= To do =
Copy all the lines of the listing below exactly. Skip the images.

Top of Information given

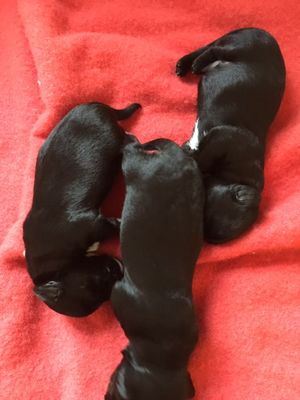 "A" Litter 

2 Males (placed) and 1 Female (placed)

Please contact Pat Kenny at pkenny@cox.net

SEE "More Puppies Update" for more information
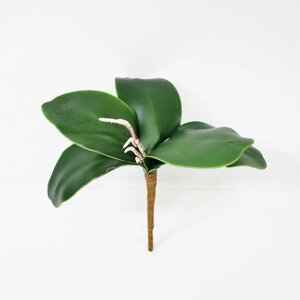 Листья орхидеи Конэко-О KR_182 25 см
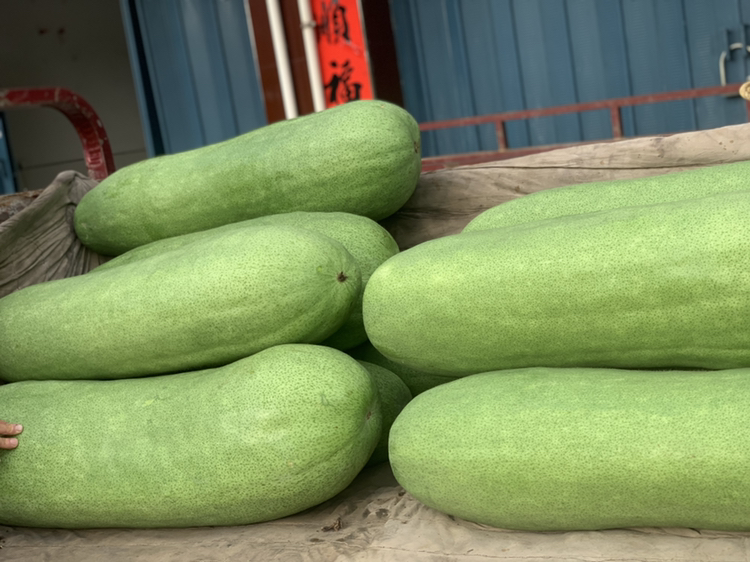 展示冬瓜块被整齐码放在玻璃罐中,并倒入腌汁的过程 冬瓜装入玻璃罐腌制过程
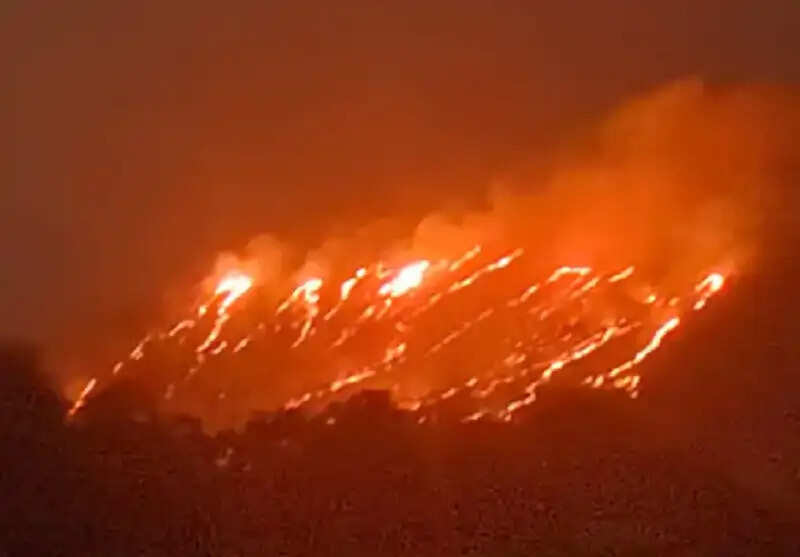 इंदौरः महू में जानापाव की पहाड़ी पर लगी आग, वन विभाग का अमला काबू पाने में जुटा
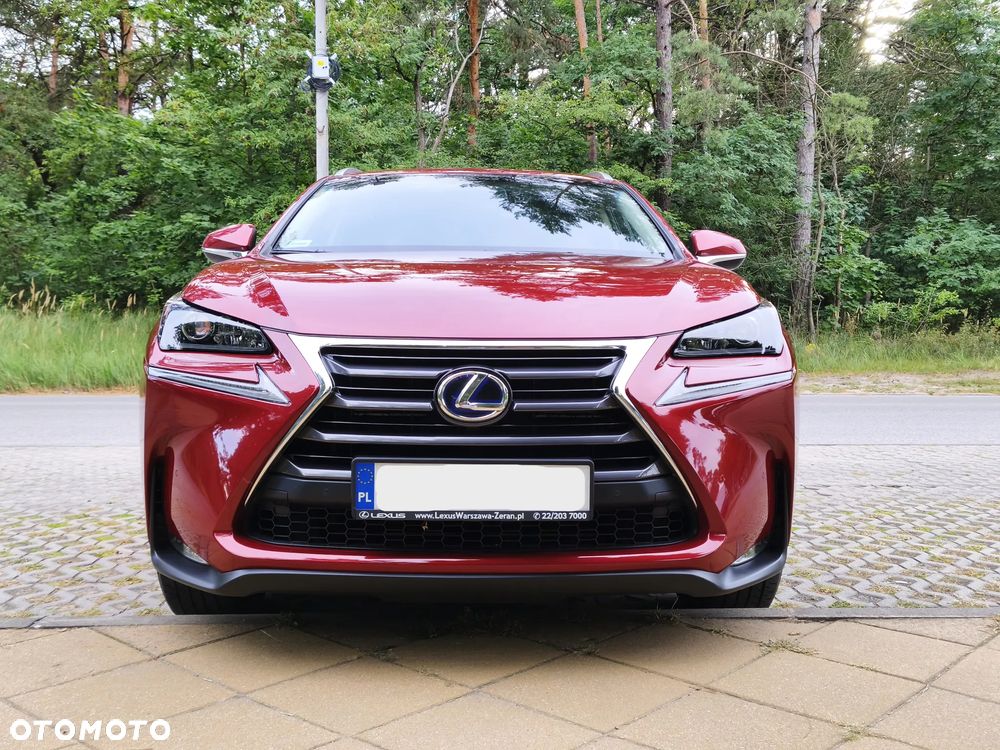 Lexus NX 300h Comfort AWD - 3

Bottom of Information given

= Written answer =
 "A" Litter 

2 Males (placed) and 1 Female (placed)

Please contact Pat Kenny at pkenny@cox.net

SEE "More Puppies Update" for more information
 Листья орхидеи Конэко-О KR_182 25 см
 展示冬瓜块被整齐码放在玻璃罐中,并倒入腌汁的过程 冬瓜装入玻璃罐腌制过程
 इंदौरः महू में जानापाव की पहाड़ी पर लगी आग, वन विभाग का अमला काबू पाने में जुटा
 Lexus NX 300h Comfort AWD - 3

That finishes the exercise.